Problem: Working from the records below, repeat exactly the lines starting at the line that contains "11 Summary of Detectors" and ending at the line that contains "LIMITED EDITION - NEW", inclusive.

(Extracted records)
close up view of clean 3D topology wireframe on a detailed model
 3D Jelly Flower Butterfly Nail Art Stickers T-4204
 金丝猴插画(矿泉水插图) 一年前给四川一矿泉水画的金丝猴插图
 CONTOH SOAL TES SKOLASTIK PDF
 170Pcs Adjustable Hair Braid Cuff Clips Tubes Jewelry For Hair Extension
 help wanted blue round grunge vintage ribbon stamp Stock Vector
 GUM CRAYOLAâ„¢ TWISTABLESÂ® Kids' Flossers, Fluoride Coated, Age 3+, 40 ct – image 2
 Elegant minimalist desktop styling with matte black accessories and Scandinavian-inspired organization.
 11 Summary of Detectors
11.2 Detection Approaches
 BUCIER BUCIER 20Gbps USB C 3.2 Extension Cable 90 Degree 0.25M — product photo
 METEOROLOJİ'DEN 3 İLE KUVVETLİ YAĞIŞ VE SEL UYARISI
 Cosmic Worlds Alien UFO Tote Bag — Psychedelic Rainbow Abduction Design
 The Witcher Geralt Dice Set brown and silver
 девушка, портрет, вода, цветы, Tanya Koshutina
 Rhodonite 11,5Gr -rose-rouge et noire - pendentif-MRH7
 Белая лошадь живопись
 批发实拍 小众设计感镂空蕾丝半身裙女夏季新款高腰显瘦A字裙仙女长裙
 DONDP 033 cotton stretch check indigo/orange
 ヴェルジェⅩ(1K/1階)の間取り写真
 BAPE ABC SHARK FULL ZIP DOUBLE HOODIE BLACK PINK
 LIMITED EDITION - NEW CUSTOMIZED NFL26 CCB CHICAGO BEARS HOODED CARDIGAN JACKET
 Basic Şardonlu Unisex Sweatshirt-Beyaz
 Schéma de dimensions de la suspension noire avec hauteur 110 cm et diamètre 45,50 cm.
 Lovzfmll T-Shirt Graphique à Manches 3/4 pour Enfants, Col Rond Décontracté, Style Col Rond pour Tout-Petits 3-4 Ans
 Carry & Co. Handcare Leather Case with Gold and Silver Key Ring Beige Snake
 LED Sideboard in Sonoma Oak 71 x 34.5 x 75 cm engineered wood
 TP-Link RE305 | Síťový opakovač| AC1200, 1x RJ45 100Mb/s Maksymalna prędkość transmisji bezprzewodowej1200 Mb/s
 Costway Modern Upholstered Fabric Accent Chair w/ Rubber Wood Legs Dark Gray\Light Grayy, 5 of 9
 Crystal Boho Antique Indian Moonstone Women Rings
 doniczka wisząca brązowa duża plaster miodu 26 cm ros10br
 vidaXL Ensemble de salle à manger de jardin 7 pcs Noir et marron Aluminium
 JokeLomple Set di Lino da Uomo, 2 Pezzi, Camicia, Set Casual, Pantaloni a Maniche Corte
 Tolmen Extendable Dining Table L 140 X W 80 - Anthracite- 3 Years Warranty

Answer:
 11 Summary of Detectors
11.2 Detection Approaches
 BUCIER BUCIER 20Gbps USB C 3.2 Extension Cable 90 Degree 0.25M — product photo
 METEOROLOJİ'DEN 3 İLE KUVVETLİ YAĞIŞ VE SEL UYARISI
 Cosmic Worlds Alien UFO Tote Bag — Psychedelic Rainbow Abduction Design
 The Witcher Geralt Dice Set brown and silver
 девушка, портрет, вода, цветы, Tanya Koshutina
 Rhodonite 11,5Gr -rose-rouge et noire - pendentif-MRH7
 Белая лошадь живопись
 批发实拍 小众设计感镂空蕾丝半身裙女夏季新款高腰显瘦A字裙仙女长裙
 DONDP 033 cotton stretch check indigo/orange
 ヴェルジェⅩ(1K/1階)の間取り写真
 BAPE ABC SHARK FULL ZIP DOUBLE HOODIE BLACK PINK
 LIMITED EDITION - NEW CUSTOMIZED NFL26 CCB CHICAGO BEARS HOODED CARDIGAN JACKET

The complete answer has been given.